Sentada a meus pés, minha cachorra, muito quieta, fita a porta: espera. Espera alguém que não mais virá... Ouço Blandine mexer com panelas, sinto o cheiro de café moído: a fome contrai-me desagradavelmente o estômago. Um pano gasto cobre o divã, uma umidade azulada embaça o espelho... Não me esperavam tão cedo. Tudo está coberto pelas velhas capas, pelo bolor, pela poeira, tudo conserva ainda a aparência um tanto fúnebre da partida e da ausência. Atravesso furtivamente o "meu lar", sem mesmo tocar nas capas dos móveis, sem rabiscar, no veludo da poeira, um nome que seja, sem deixar outro traço da minha passagem além desta carta inacabada.

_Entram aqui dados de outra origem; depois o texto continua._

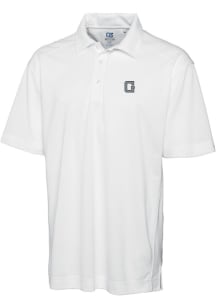 Cutter and Buck Georgetown Hoyas Mens White Drytec Genre Textured Short Sleeve Polo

Inacabada... Caro intruso que eu quis amar, poupo-o. Deixo-lhe a única oportunidade de crescer a meus olhos: afasto-me. A minha carta lhe causará tristeza, tristeza, nada mais. Não saberá a que humilhante confrontação escapa, nem de que debate você foi a recompensa, recompensa que desdenho...

Sim, pois que o rejeito, e escolho... escolho tudo que não seja você. Eu já o conhecia, e reconheço-o agora. Não será por acaso aquele que, acreditando dar, monopoliza? Você veio para compartilhar da minha vida... Compartilhar, sim: desfrutar do seu quinhão! Estar mais ou menos a par dos meus atos, introduzir-se a toda hora no pagode secreto dos meus pensamentos, não é isso? Por que você e não outro? Eu o fechei a todos.

Você é bom, com a melhor boa-fé do mundo pretendia trazer-me felicidade, pois que me viu despojada e solitária. Mas, na verdade, você não contou com o meu orgulho de pobre: os mais mais belos lugares da terra, recuso-me a contemplá-los, tão pequenos me parecem no espelho amoroso do seu olhar...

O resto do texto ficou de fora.